For speed, this block is not executed by default in the quickstart. Instead, we have pre-built and uploaded these netcdfs for easy exploration.
stitches.gridded_stitching(out_dir='.', rp=my_recipes)
Load generated data#
# load the stitched (generated) temperature (tas) netcdf files
gen_tas = stitches.fetch_quickstarter_data(variable="tas")
# load the stitched pr netcdf file
gen_pr = stitches.fetch_quickstarter_data(variable="pr")
Fetch target data from pangeo for comparison#
# Fetch the actual data directly from pangeo
pangeo_path = pkg_resources.resource_filename('stitches', 'data/pangeo_table.csv')
pangeo_data = pd.read_csv(pangeo_path)
pangeo_data = pangeo_data.loc[(pangeo_data['variable'].isin(['tas', 'pr']))
& (pangeo_data['domain'].str.contains('mon'))
& (pangeo_data['experiment'].isin(['ssp245']))
& (pangeo_data['ensemble'].isin(['r1i1p1f1']))
& (pangeo_data['model'].isin(['CanESM5']))].copy()
pangeo_data
| model | experiment | ensemble | variable | zstore | domain | |
|---|---|---|---|---|---|---|
| 21843 | CanESM5 | ssp245 | r1i1p1f1 | pr | gs://cmip6/CMIP6/ScenarioMIP/CCCma/CanESM5/ssp... | Amon |
| 21910 | CanESM5 | ssp245 | r1i1p1f1 | tas | gs://cmip6/CMIP6/ScenarioMIP/CCCma/CanESM5/ssp... | Amon |
# load the target tas netcdf files
tas_address = pangeo_data.loc[pangeo_data['variable']== 'tas'].zstore.copy()
tar_tas = stitches.fetch_nc(tas_address.values[0])
# load the target pr netcdf files
pr_address = pangeo_data.loc[pangeo_data['variable']== 'pr'].zstore.copy()
tar_pr = stitches.fetch_nc(pr_address.values[0])
Visualize#
Select a grid cell and plot the generated and target tas, pr data for first-cut comparison
def plot_comparison(generated_data,
target_data,
variable,
alpha=0.8):
"""Plot comparision between target variable time series and generated data"""
if variable.casefold() == "pr":
variable_name = "precipitation"
units = "kg m-2 s-1"
else:
variable_name = "temperature"
units = "C"
# temperature (tas)
plt.plot(generated_data.time,
generated_data[variable],
label=f"Generated monthly {variable}")
with warnings.catch_warnings():
warnings.filterwarnings("ignore")
plt.plot(target_data.indexes['time'].to_datetimeindex(),
target_data[variable],
alpha=alpha,
label = f"Target monthly {variable}")
plt.legend()
plt.xlabel("Year")
plt.ylabel(units)
plt.title(f"Actual and generated monthly {variable_name} ({variable})")
plt.show()
plt.close()
# lon and lat values for a grid cell near the Joint Global Change Research Institute in College Park, MD, USA
cp_lat = 38.9897
cp_lon = 180 + 76.9378
# lat and lon coordinates closest
abslat = np.abs(gen_tas.lat - cp_lat)
abslon = np.abs(gen_tas.lon-cp_lon)
c = np.maximum(abslon, abslat)
([lon_loc], [lat_loc]) = np.where(c == np.min(c))

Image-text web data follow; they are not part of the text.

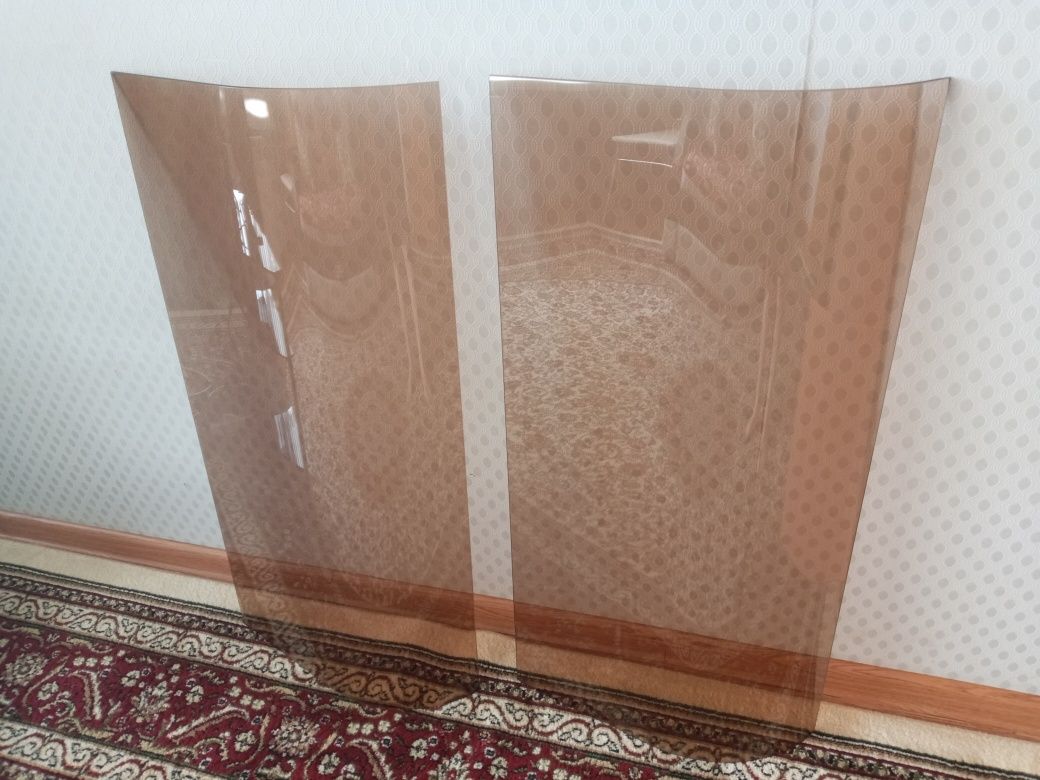 Продам  стекло и доски от мебели
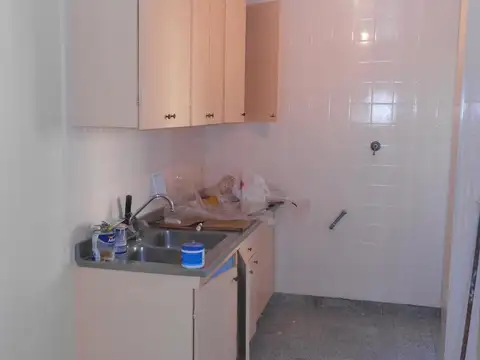 Av Pres Bartolome Mitre 1331 , Piso 5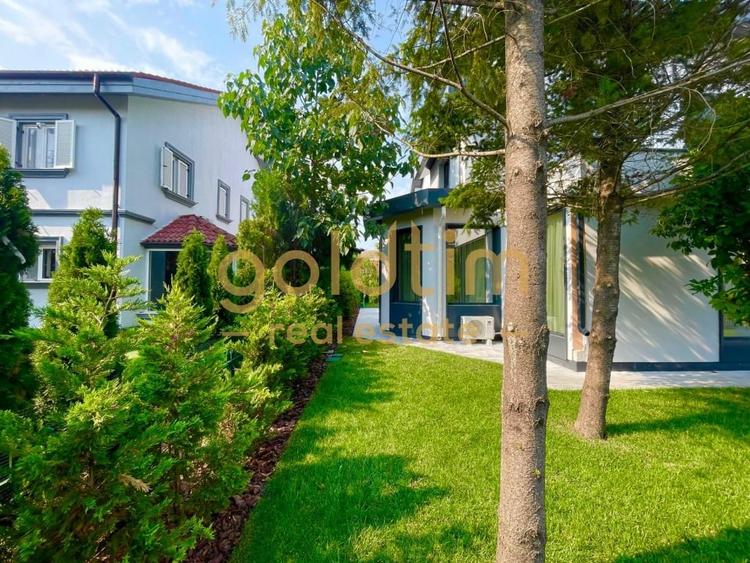 Casă individuală cu 7 camere cu Canalizare în Pipera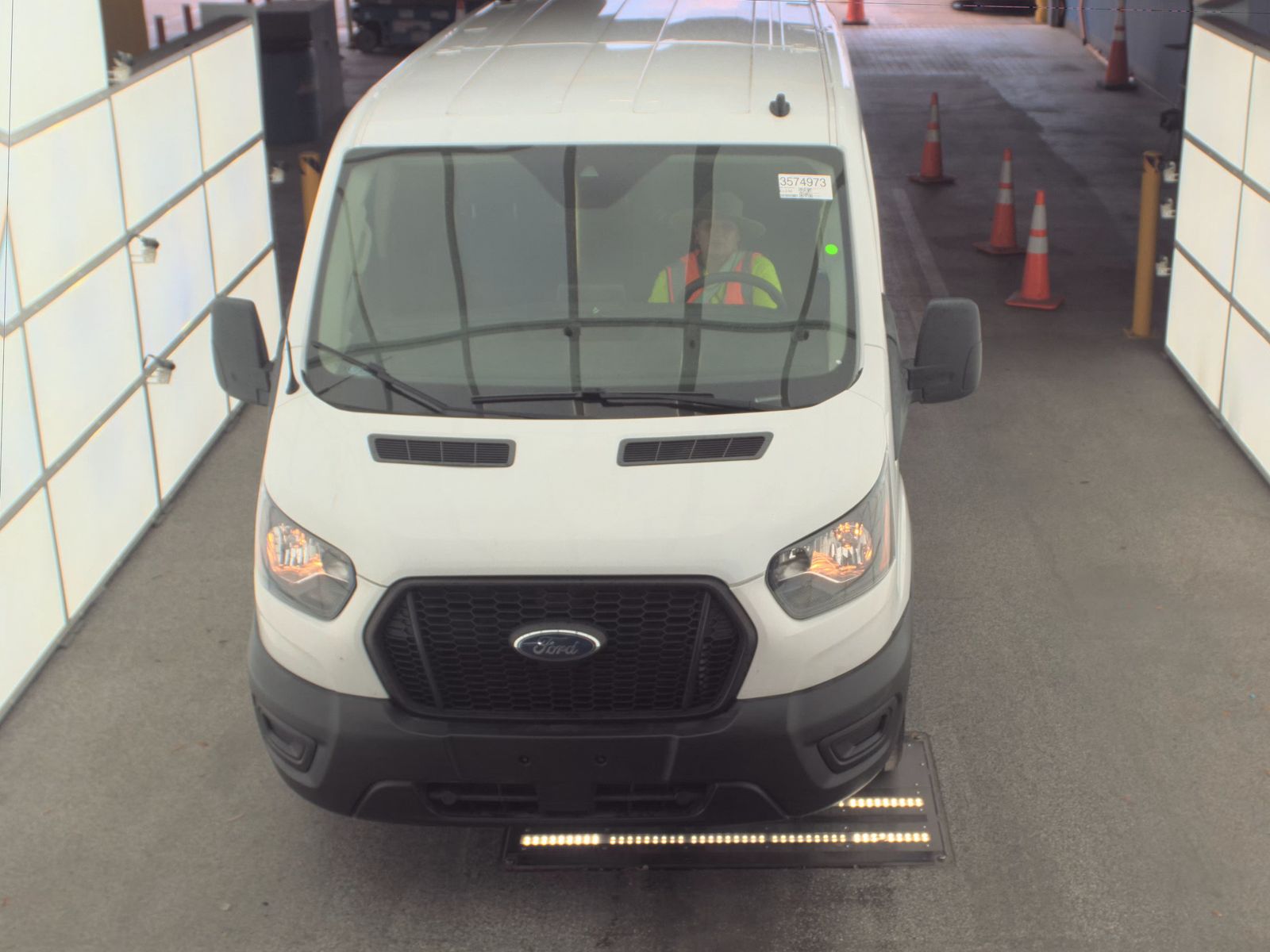 FORD TRANSIT 150 - 3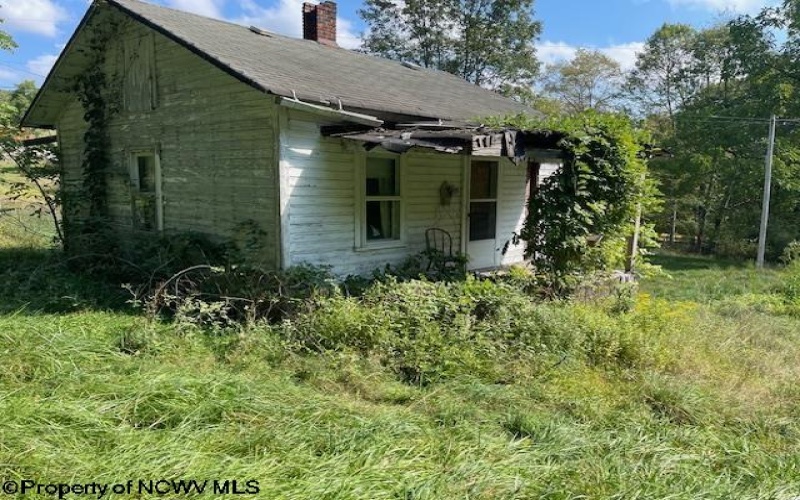 2309 Vista View Road, Kingwood, West Virginia 26537-8451, 3 Bedrooms Bedrooms, 7 Rooms Rooms,2 BathroomsBathrooms,Single Family Detached,For Sale,Vista View,10156373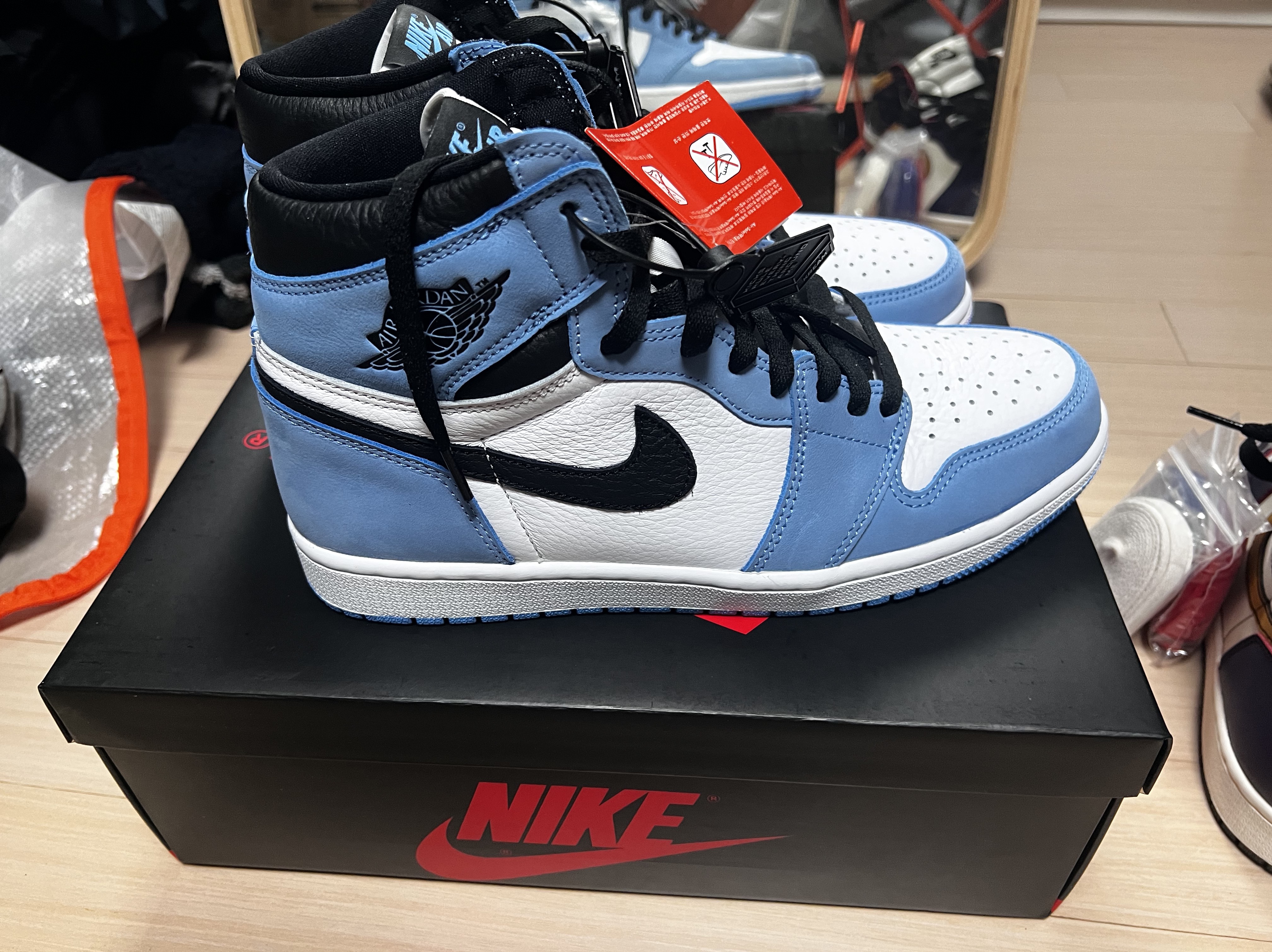 Jordan 1 Retro High OG University Blue 착용 스타일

lon_grid = gen_tas.lon[lon_loc]
lat_grid = gen_tas.lat[lat_loc]
cp_tas_gen = gen_tas.sel(lon=lon_grid,
lat=lat_grid,
time=slice('2015-01-01', '2099-12-31')).copy()
cp_tas_tar = tar_tas.sel(lon=lon_grid,
lat=lat_grid,
time=slice('2015-01-01', '2099-12-31')).copy()
cp_pr_gen = gen_pr.sel(lon=lon_grid,
lat=lat_grid,
time=slice('2015-01-01', '2099-12-31')).copy()
cp_pr_tar = tar_pr.sel(lon=lon_grid,
lat=lat_grid,
time=slice('2015-01-01', '2099-12-31')).copy()
# temperature (tas)
plot_comparison(generated_data=cp_tas_gen,
target_data=cp_tas_tar,
variable="tas")
# precipitation (pr)
plot_comparison(generated_data=cp_pr_gen,
target_data=cp_pr_tar,
variable="pr")
Visual validation of the complex spatial, temporal, and cross-variable relationships present in ESM outputs is not possible. We extensively validate that the method reproduces ESM internal variability in the ESD paper, but this visual plotting at least suggests that nothing is obviously wrong.
In other words, it’s not inconceivable from these plots that the orange time series were sampled from the same underlying multivariate distribution that generated the blue time series.